*GOAL OF THE EXERCISE*
Word for word, repeat the data that follows. Do not include the pictures.

*DATASET SECTION*
_ _ _ _

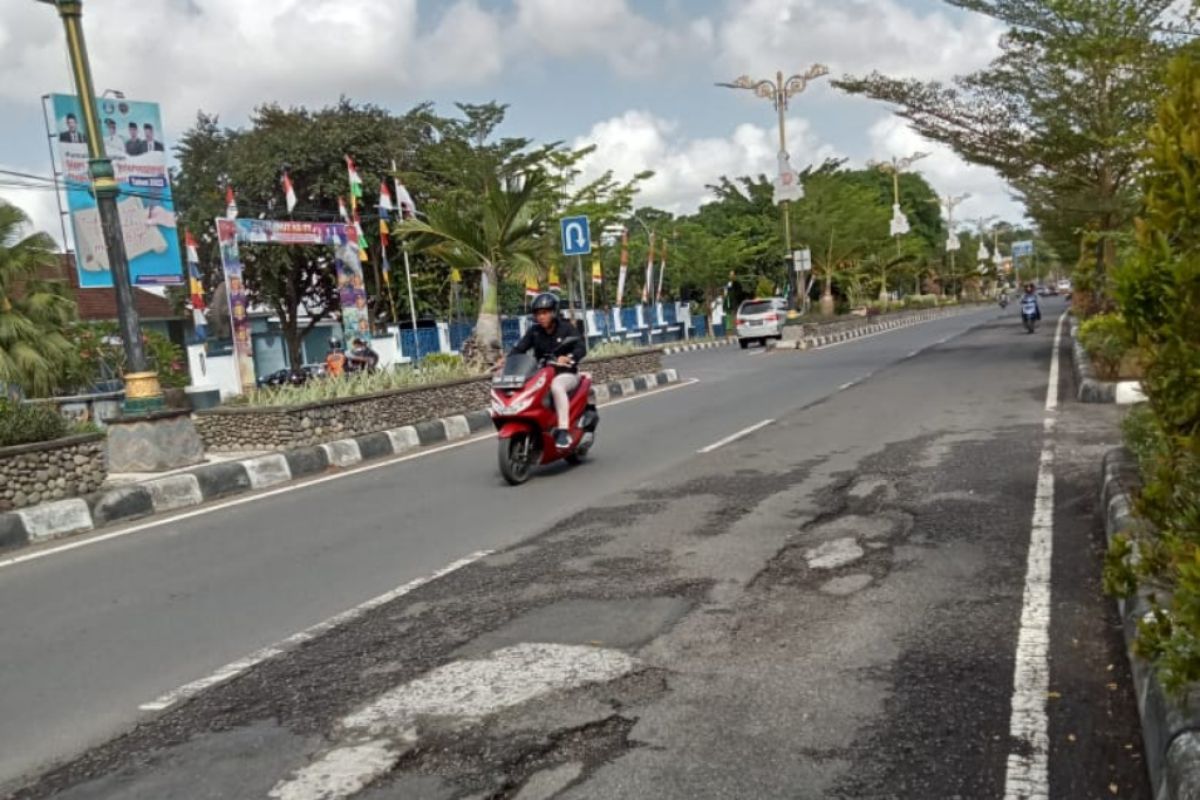 Jalan raya di Kota Praya berlubang ancam keselamatan pengendara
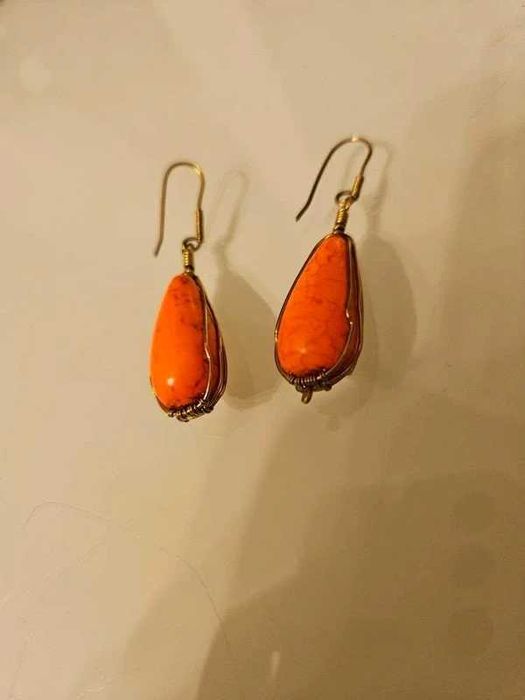 Kolczyki wiszące w kolorze pomarańczowym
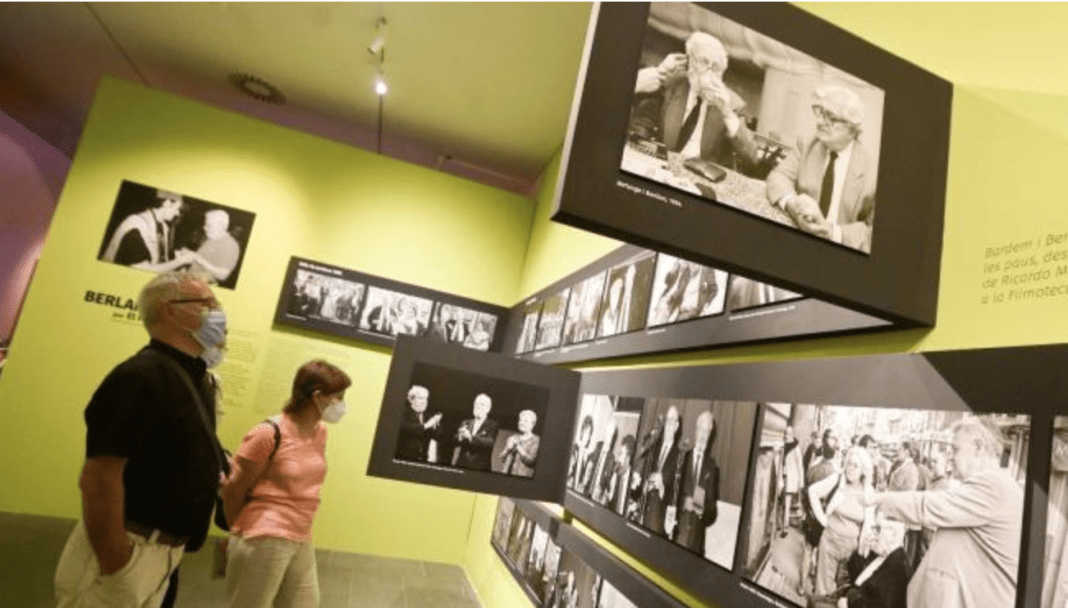 Joan Ribó en la visita a la exposición Berlanga del MUVIM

_ _ _ _

*SOLVED PROBLEM*
 Jalan raya di Kota Praya berlubang ancam keselamatan pengendara
 Kolczyki wiszące w kolorze pomarańczowym
 Joan Ribó en la visita a la exposición Berlanga del MUVIM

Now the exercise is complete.